スーパーにもすでに、コオロギ煎餅なる商品が人目につきにくい所に置かれていますし、コオロギ食を試食した人の話では、小蝦などの甲殻類に似た食感だという。ツイッターへの投稿は殆どが感情的で、根拠のない誹謗に近い言説に過ぎませんが、私も食糧危機対応ならば、コオロギを養殖する前に未だやることがいくらでもあるような気がします。しかし、昆虫食がどれもみな、不味くて有害で不潔なわけではありません。

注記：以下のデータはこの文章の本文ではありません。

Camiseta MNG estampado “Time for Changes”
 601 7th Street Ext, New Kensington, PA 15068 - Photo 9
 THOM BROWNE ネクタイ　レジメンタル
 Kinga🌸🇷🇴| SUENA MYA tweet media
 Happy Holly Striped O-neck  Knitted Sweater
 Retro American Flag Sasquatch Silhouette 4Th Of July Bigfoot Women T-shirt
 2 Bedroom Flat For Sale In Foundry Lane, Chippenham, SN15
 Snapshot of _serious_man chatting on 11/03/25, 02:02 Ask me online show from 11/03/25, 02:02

国内でも昆虫を食用とする習慣は、あちこちにあります。有名なのは蜂の子や、蝗の佃煮でしょう。弟が生まれたのは昭和26年でしたが、妊娠が分かった時、門司の実家から弟の母宛に蝗の空揚げがぎっしり詰まった箱が送られてきました。あの当時、贈答用の卵は緋色の四角な紙箱に籾殻と共に詰められましたが、その箱一杯の蝗です。匹で数えたら3桁だったかも。未だ戦後、食糧のなかった時代で、揚げ油の香りのする黄金色の蝗はいかにも美味しそうでした。食べてみたいと言ったら、2匹だけ分けてくれて、生まれてくる子のためのものだから、としまい込まれました。

恐らく田圃で捕獲した蝗を素揚げした、自家製だったのでしょう。蝗は稲の害虫でもあり、食用にする習慣はよく知られていたので、抵抗感はありませんでした。蟋蟀を現代の給食にいきなり出したら無茶だと思いますが、冷静に議論したいものです。